Most of the Columns are approximately Normal Distribution after the skewness removal.

# Check distribution and outliers together

Plots 2 graphs together

In [None]:
for fea in numerical_col:
    plt.figure(figsize=(14,4))
    plt.subplot(121)
    sns.kdeplot(x=df_train[fea],color='r',data=df_train)
    plt.title("Distribution of {}".format(fea), fontweight='bold')
    
    plt.subplot(122)
    sns.boxplot(x=fea, data= df_train[numerical_col])
    plt.title("Distribution of {}".format(fea), fontweight='bold')
    plt.show()

Inference:-
    
The columns having more outliers are:-

1. Heaith Exp% GDP

2. Infant Mortality Rate

3. Business Tax Rate

4. Co2 Emissions, and other Leptokurtic columns




# Handling Outliers

In [None]:
data = df_train

In [None]:
for fea in numerical_col:
    IQR = data[fea].quantile(0.75)-data[fea].quantile(0.25)
    Lower_Limit = data[fea].quantile(0.25)-1.5*IQR
    Upper_Limit = data[fea].quantile(0.75)+1.5*IQR
    data[fea]=np.where(data[fea]>Upper_Limit,Upper_Limit,np.where(data[fea]<Lower_Limit,Lower_Limit,data[fea]))
#sns.boxplot(x=fea, data=data)

In [None]:
for fea in numerical_col:
    plt.figure(figsize=(14,4))
    plt.subplot(121)
    sns.kdeplot(x=data[fea],color='r',data=data)
    plt.title("Distribution of {}".format(fea), fontweight='bold')
    
    plt.subplot(122)
    sns.boxplot(x=fea, data= data[numerical_col])
    plt.title("Distribution of {}".format(fea), fontweight='bold')
    plt.show()

# Univariate Analysis of Numerical Features After Outlier Removal

In [None]:
plt.figure(figsize=(15,20), facecolor='white')
plt.suptitle('Univariate Analysis of Numerical Features', fontweight="bold",fontsize=15, y=1)
for i in range(0,len(numerical_col)):
    plt.subplot(5,5,i+1)
    sns.kdeplot(x=data[numerical_col[i]], shade=True, color='r', data=data)
    plt.xlabel(numerical_col[i], fontsize=15)
    plt.tight_layout()

# Q-Q Plot

In [None]:
import statsmodels.api as sm
   
# Normal Q-Q plot
for i in data.columns:
    sm.qqplot(data[i], fit=True, line='45', c='#4C72B0')


# Standardise the data

In [None]:
#Standardise the data

scale = StandardScaler()
data_norm = scale.fit_transform(data.iloc[:,:-1])


In [None]:
data_norm

# PCA For avoiding Correlation

In [None]:
pca = PCA(n_components = 15)
pca_data = pca.fit_transform(data_norm)

percent_var_explained = pca.explained_variance_/(np.sum(pca.explained_variance_))
cumm_var_explained = np.cumsum(percent_var_explained)

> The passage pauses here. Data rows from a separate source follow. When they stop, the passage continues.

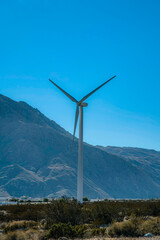 Palm Springs, California- Windmill on a large shrubland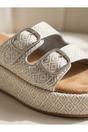 Silver iKrush Silver Vera Diamond Pattern Platform Sandals, Image 4 of 8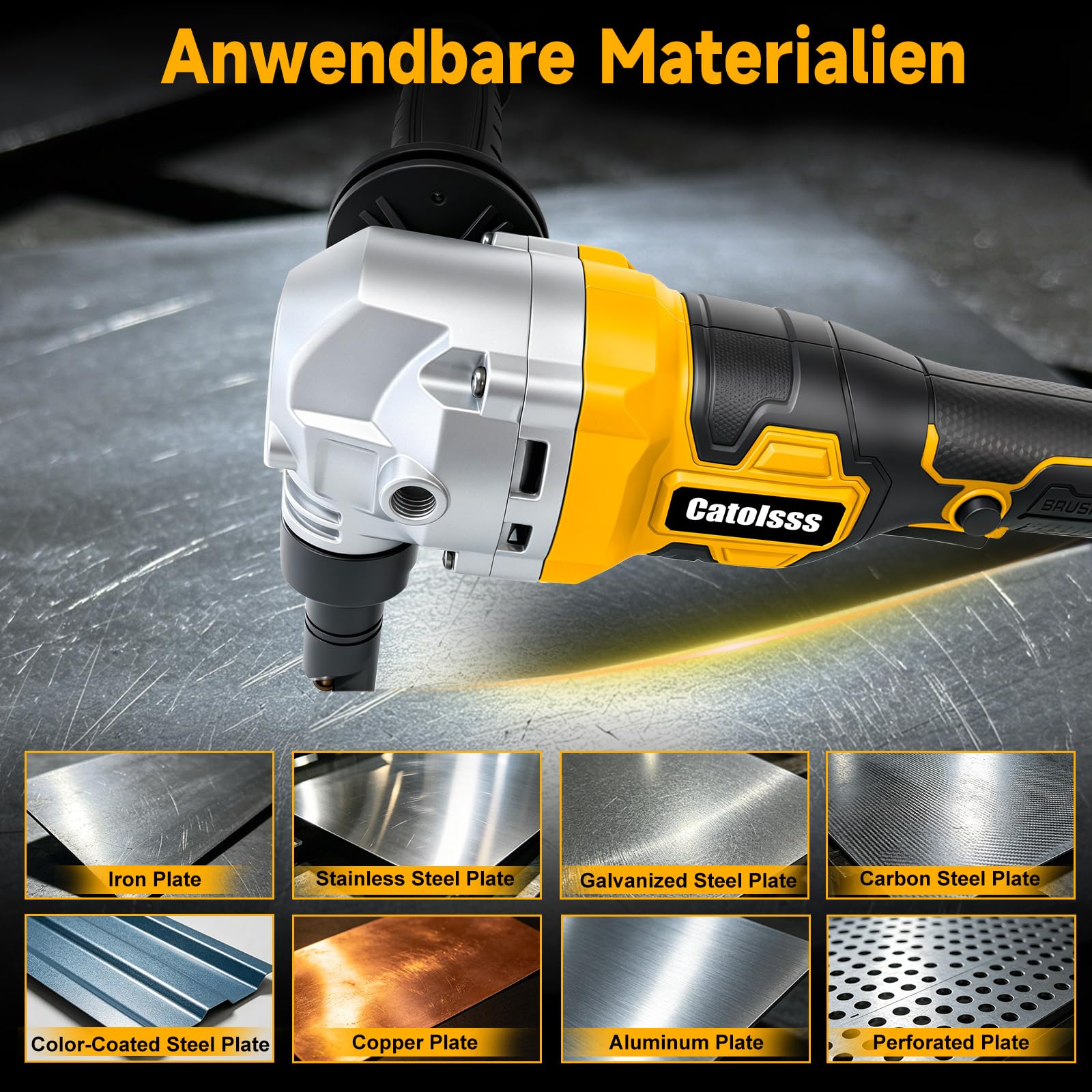 Knabber Blechknabber Kompatibel mit Dewalt 20V Akku,450W Kabellose Blechnibbler mit Bürstenlos Motor, 30000U/min,360° drehbarer Knabberkop Elektrische Blechschere für Edelstahl & Aluminium(ohne Akku)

plt.plot(cumm_var_explained)
plt.grid()
plt.xlabel("n_components")
plt.ylabel("% variance explained")
plt.show()

In [None]:
var=pca.explained_variance_ratio_
var

In [None]:
cumm_var_explained

In [None]:
pca.explained_variance_

In [None]:
var=pca.explained_variance_ratio_
var

In [None]:
var1=np.cumsum(np.round(var,4)*100)
var1

In [None]:
var1[14]

In [None]:
sum(pca.explained_variance_ratio_)

#Almost 98% of variance is explained with 15 new principal components

In [None]:
data1['Country']

In [None]:
df_train_pca = pd.DataFrame(pca_data)
df_train_pca["Country"] = data1['Country']

corr = df_train_pca.corr()

plt.figure(figsize = (22,20))

sns.heatmap(corr, annot = True, vmin=-1, vmax=1, cmap="YlGnBu", linewidths=.5)
plt.grid(b=True, color='#f68c1f', alpha=0.1)
plt.show()

No columns are correlated after PCA

In [None]:
df_train_pca.columns=["PCA0","PCA1","PCA2","PCA3","PCA4","PCA5","PCA6","PCA7","PCA8","PCA9","PCA10","PCA11","PCA12","PCA13","PCA14","Country"]

In [None]:
df_train_pca

# Summary Of EDA

1. Lot of missing values are there. Imputed with KNN.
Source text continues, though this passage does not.